San Juan apartment view of street covered in sand and debris. Photo courtesy of Andre Rojas.

  • Students say news coverage of natural disasters in region for minimized impact expected prior to storm, instead focusing more on ‘domestic’ concerns for Florida.
  • News coverage of Mexico, Caribbean nations and especially Puerto Rico during Hurricane’s Maria and Irma highlighted ignorance of Puerto Rico’s role in U.S., in some people’s eyes.

Alexzandria Sanchez’s leg is shaking nervously. She’s waiting for another phone call from her grandmother, or her mother, or her father. They’ve all been calling her insistently throughout the day. They’re all worried.

It’s Wednesday, September 20 and Sanchez has been running from class to class, taking phone calls in the hallway and trying to stay focus on and calm in between it all, but she she’s finding it difficult to. Her grandfather is in Puerto Rico, Hurricane Maria is about to make landfall and the only news she’s getting about the island is from him.

“I was very disappointed in the way that the hurricanes and the earthquakes were covered because it seemed to only focus what was happening closer to home than on other people who are actually American citizens, which we seem to forget,” she said.

In the buildup to Hurricane Maria, the second hurricane barreling towards Puerto Rico following Hurricane Irma, Sanchez is becoming frustrated by the lack of news coverage and attention being given to her home.

She said that headlines such as: “Hurricane Irma Hits Caribbean, Heads Toward Florida”, “Hurricane Irma ravages Caribbean as Florida nervously awaits historic storms wrath” don’t’ tell her anything she wants to hear and they don’t tell her anything new.

“There would be articles that would say that ‘Puerto Rico was hit but storms will be coming up the east coast.” I couldn’t find one article that focused solely on one issue for one place,” said Sanchez.

She said she was scrounging for information that was relevant to her and her family, but the information was so sparse and spread out, it was barely anything at all.

Andre Rojas, a student from Puerto Rico studying at Ithaca College, said he had taken to Facebook to try to find news about his home. Rojas said that he believes the news’ impact on the level of interest of people is underestimated and that it has a huge impact on further coverage and relief efforts afterwards.

“When the media isn’t covering much of [one place as they do another], people don’t pay much attention to it because they don’t think it’s that important,” said Rojas.

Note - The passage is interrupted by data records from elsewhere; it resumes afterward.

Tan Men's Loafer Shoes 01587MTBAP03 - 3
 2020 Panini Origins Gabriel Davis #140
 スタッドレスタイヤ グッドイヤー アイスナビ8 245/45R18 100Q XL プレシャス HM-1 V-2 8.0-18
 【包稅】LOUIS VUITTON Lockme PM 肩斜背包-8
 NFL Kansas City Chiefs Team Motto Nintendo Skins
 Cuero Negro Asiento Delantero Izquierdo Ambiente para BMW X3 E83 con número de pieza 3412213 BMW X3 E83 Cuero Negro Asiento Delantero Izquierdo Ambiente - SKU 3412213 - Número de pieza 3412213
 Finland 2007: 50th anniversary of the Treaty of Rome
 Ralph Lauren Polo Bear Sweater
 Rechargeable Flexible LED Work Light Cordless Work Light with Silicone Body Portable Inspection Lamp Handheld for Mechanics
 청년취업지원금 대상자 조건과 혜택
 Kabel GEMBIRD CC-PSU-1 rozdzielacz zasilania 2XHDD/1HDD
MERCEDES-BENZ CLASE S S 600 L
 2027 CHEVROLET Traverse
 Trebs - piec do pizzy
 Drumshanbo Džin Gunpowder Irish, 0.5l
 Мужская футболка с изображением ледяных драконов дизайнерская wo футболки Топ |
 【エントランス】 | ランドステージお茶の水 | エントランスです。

While he’s been on the mainland or “stateside,” Rojas said that he’s encountered people who ask him uneducated questions. They sometimes ask him how he got his green card and others are completely unaware of Puerto Rico’s status as a U.S. territory. The media’s decision to discuss Puerto Rico as a foreign body and not a part of the U.S. has had repercussions, said Rojas.


Following Hurricane Irma, Donald Trump said that Florida would receive 100 percent of U.S. support to recover. The same was not done for Puerto Rico. Trump has been criticized for, instead, taking to Twitter to ignite debate about the definition of patriotism in reference to several NFL team players. He also commended Texas and Florida on their relief efforts and blasted Puerto Rico on its struggle to recover and history of bankruptcy.

Three and a half million people live on the island of Puerto Rico, 60,000 of whom were left without power by Hurricane Irma before the second storm, Hurricane Maria, struck the island. As a result of the storm, the death toll reached 16, according to AP, with numbers expected to rise. Ten deaths occurred in Florida.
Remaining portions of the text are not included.